In freeze fracture electron microscopy, a decreased density of orthogonal arrays was observed in the muscles of FCMD which is severe muscular dystrophy [25]. Following this study, we studied the AQP4 expression in the muscles of FCMD with normal dystrophin expression, and reported the decreased expression of AQP4 in the muscles with FCMD [30].

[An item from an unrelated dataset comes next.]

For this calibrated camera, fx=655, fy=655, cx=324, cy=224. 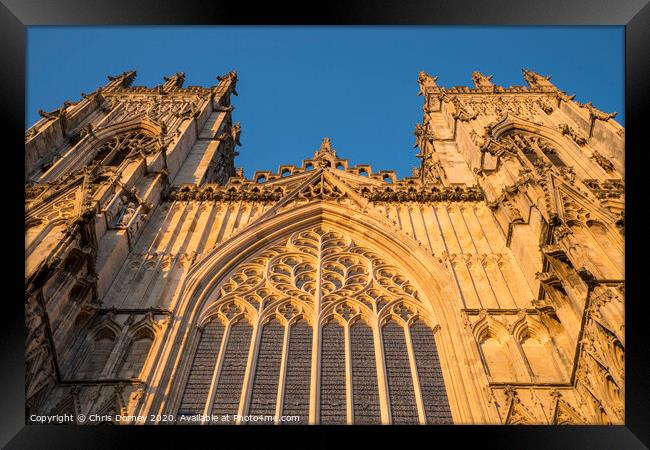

Studies of AQP4 expression in other dystrophic muscles also showed the reduced expression of AQP4 in the muscles with α-dystroglycanopathy [1], dysferlinopathy [2] or sarcoglycanopathy [3]. Au et al. [2] suggested that altered AQP4 expression observed in the dystrophic muscle biopsies are likely secondary to the dystrophic process. The present results revealed that the decrease of AQP4 protein was more marked in the diaphragm muscles than in the limb muscles of mdx mice. The immature muscle cells do not express AQP4 at their surface membranes and one of the factors to express AQP4 is nerve influence [9, 10, 21]. The interstitial fibrosis of skeletal muscle tissue is more marked in mdx diaphragm than in mdx limb muscle [22]. Myofibrosis is a complex and incompletely understood process characterized by excessive accumulation of collagen IV and other extracellular matrix components. Excessive collagen accumulation in the mdx diaphragm is associated with dystrophic increase in the expression of transforming growth factor β1 (TGF-β1) without corresponding increase in matrix metalloproteinase-9 (MMP-9) expression [5]. The axonal growth of spinal motor neuronal cells may be inhibited by the interstitial myofibrosis of muscle tissues of mdx mice. Thus, the regenerating myofibers may be more dysinnervated in the mdx diaphragm than in the mdx limb muscle after myofiber degeneration and necrosis. Finally, the present study suggested that the more marked decrease of AQP4 protein observed in the mdx diaphragm muscles are likely secondary to the dystrophic process in addition to the lack of dystrophin.